My husband checked the status of our rooms every half hour, trying new clerks and hoping for one who would take pity on us. The closest we came was a woman who suggested we take the dirty room and spread clean towels on the floors while we got ready.
Ewwww.
At 2:50 p.m., a clerk told us she’d “put a rush on the room.” I explained that a “rush” is what they would have put on it at 11:30 a.m. At 3, I expected to have a room key in hand to go along with the never-gonna-make-it knots in my stomach.
We finally took possession of our unclean room at 3:10. My husband recruited a maid who hurriedly did a half-hearted cleaning job, while I stood on towels in the bathroom to apply makeup. My good and patient husband personally went to the bell desk, refusing to leave until a bellman accompanied him to our room with our luggage. I barely made it to my workshop.
After a few days, we got used to crummy service. Some days, for example, our rooms didn’t get cleaned until 8 or 9 at night; once, my mother’s room didn’t get cleaned at all.
Even gambling was annoying. I played slot machines with my mother, and was surprised to see that the machines now pay out with paper tickets that have to be cashed in elsewhere. I was even more surprised to find out, when I changed machines, that the casino’s own machines wouldn’t accept the paper they spit out, and that most of the old-fashioned slot arms don’t even work anymore.
We considered changing hotels, but realized it would make convention access too cumbersome. We reluctantly decided to stick it out. We had so much fun at the convention, we took it in stride — until a straw broke this camel’s back in the casino’s buffet.
We were very hungry when we decided to go to the buffet for lunch. After waiting for our table to be “set up,” we were seated, only to find we had no silverware. When we returned from the buffet, we still had no silverware.
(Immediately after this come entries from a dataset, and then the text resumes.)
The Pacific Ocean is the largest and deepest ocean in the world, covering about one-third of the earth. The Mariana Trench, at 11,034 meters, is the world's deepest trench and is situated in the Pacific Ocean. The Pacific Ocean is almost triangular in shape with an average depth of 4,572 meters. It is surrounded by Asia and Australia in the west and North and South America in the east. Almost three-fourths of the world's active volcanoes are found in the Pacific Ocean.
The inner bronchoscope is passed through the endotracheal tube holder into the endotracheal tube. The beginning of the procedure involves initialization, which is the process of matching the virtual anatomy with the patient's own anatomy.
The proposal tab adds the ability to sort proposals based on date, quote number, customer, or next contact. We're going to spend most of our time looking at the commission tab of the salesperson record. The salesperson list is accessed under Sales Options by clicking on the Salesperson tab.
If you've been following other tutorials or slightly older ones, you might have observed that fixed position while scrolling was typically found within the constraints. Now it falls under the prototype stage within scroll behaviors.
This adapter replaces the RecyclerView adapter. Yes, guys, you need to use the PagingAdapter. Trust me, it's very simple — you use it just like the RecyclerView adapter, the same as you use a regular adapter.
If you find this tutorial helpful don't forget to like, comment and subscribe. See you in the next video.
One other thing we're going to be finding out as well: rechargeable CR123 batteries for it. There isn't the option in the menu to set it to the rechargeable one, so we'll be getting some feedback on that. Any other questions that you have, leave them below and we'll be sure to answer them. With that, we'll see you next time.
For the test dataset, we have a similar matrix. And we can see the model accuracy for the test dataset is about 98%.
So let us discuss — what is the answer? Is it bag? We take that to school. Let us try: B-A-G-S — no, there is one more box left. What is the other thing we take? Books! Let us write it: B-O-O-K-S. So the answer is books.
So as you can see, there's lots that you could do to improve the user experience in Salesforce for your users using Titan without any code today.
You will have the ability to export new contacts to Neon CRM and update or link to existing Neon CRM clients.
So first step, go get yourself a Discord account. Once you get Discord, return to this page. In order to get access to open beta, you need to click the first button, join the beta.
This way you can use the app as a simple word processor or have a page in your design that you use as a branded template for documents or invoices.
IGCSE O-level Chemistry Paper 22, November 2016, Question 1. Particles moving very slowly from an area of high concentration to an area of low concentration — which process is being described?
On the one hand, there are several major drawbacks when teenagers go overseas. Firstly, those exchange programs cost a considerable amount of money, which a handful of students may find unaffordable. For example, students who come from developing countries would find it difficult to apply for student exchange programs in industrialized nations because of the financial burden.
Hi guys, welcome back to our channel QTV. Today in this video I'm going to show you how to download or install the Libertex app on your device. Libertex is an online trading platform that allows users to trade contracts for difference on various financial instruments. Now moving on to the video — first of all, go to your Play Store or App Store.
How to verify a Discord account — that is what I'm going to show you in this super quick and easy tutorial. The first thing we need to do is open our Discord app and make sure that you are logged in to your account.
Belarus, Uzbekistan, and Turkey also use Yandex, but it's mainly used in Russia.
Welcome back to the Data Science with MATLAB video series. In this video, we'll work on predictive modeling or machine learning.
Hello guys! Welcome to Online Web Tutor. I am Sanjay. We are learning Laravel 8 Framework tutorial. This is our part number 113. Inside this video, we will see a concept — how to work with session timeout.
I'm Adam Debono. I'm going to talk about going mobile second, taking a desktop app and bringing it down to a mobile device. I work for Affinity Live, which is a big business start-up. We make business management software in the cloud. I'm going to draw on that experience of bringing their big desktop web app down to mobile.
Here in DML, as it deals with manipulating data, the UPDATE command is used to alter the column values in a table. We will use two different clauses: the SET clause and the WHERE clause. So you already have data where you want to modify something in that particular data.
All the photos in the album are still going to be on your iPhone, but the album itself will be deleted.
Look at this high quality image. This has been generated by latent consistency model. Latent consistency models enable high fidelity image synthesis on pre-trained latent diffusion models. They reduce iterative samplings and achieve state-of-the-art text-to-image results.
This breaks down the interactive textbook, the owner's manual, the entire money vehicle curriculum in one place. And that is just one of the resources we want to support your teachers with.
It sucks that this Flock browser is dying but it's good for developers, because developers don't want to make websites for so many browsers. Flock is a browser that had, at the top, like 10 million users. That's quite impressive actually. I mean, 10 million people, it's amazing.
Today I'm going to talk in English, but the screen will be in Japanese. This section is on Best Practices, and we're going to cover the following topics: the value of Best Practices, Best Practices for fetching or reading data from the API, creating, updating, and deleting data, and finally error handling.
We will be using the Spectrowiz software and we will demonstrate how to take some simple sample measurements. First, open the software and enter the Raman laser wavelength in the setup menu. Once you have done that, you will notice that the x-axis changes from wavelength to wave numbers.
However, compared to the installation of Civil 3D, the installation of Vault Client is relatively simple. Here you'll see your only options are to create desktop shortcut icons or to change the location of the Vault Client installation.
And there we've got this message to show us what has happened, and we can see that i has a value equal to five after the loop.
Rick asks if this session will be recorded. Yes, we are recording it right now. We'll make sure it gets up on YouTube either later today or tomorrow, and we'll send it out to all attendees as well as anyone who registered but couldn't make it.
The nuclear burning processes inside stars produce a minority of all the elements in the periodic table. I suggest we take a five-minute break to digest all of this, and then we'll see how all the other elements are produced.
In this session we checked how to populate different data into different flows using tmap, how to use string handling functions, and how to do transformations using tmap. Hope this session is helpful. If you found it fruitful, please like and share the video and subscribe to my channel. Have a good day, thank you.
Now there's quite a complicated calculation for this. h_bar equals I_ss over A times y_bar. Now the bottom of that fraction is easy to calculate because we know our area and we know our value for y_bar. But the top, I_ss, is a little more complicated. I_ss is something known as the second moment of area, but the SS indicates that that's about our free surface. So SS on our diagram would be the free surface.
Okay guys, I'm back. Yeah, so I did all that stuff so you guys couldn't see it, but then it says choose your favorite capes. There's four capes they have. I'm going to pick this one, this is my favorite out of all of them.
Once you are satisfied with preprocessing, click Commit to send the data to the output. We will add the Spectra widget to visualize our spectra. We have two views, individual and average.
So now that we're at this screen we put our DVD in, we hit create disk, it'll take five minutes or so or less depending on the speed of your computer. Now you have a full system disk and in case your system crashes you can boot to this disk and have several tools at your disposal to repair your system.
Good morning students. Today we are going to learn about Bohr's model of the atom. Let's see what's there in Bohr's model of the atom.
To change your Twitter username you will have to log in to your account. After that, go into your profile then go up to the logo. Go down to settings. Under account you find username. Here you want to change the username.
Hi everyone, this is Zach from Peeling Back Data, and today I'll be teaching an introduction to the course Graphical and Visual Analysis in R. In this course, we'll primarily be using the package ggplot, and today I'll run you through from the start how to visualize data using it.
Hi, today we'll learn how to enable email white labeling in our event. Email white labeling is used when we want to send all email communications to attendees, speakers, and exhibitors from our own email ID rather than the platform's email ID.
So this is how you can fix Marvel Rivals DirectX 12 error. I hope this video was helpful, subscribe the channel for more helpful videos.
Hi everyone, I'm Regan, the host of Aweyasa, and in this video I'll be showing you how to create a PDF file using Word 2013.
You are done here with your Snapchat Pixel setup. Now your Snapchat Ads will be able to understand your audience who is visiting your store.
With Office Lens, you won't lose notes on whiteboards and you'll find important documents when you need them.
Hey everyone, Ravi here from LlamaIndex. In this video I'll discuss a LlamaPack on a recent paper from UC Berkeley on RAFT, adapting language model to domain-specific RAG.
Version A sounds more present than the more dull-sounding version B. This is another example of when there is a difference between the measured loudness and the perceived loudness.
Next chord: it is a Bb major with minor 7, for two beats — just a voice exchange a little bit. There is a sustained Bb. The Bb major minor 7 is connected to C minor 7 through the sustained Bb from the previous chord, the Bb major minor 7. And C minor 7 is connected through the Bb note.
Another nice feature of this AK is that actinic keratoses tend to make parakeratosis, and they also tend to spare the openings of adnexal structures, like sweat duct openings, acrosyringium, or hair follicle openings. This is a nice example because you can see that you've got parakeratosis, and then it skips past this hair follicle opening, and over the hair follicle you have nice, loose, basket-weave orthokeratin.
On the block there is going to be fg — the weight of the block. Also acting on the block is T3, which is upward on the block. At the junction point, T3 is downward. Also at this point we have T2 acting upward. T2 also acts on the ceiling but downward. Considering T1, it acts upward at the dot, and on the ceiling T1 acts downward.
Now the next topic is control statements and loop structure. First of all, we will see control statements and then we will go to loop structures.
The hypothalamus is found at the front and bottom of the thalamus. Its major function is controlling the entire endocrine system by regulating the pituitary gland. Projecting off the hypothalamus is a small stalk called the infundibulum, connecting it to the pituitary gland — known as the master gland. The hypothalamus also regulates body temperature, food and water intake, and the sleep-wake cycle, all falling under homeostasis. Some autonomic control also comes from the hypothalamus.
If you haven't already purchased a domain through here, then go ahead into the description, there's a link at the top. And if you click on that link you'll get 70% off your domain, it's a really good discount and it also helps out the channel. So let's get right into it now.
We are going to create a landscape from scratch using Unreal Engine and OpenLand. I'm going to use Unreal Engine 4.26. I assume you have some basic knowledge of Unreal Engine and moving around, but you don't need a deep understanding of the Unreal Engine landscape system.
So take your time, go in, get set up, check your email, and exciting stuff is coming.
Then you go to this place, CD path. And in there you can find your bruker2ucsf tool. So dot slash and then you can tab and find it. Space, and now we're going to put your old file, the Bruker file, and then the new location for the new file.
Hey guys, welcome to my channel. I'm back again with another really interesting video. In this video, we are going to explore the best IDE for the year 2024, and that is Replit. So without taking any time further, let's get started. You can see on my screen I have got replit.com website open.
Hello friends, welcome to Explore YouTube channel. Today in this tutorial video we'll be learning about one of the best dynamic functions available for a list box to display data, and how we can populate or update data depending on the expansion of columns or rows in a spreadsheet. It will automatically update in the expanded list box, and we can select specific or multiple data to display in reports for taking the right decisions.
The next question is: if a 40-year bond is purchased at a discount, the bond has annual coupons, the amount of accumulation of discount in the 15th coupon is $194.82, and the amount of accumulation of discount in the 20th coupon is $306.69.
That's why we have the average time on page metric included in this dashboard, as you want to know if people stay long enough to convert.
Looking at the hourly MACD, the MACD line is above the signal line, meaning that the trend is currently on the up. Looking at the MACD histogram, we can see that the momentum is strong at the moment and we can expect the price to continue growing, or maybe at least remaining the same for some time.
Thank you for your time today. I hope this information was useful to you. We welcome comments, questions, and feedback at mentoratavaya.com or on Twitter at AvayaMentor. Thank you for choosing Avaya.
With our plates growing cold and no waiter in sight, my husband retrieved place settings from another table.
A waitress came out of nowhere, yelling at him to “put it back.” He declined, and we said good-bye to any hope of getting table service. Used plates stacked up on our table until we sought out a hostess to remove them.
At this point, I’d been pushed to the limit, and had what I can only describe as a terrible butter accident. My daughter was too embarrassed to even walk out of the restaurant with me, but I laughed so hard I cried. It was positively therapeutic.
It nearly killed me at checkout to pay for the crummy “service” we received. The only thing that saved me was hearing that the hotel, something of a Las Vegas landmark, will be torn down in 2007. Good thing, too, because if I didn’t know it was going to be destroyed, I might have been tempted to do it myself.
The convention is already booked in the same hotel next year, and I can’t decide if the fun of getting together with friends is worth the aggravation.
Just in case, I think I’ll stock up on Lysol. And butter — lots and lots of butter.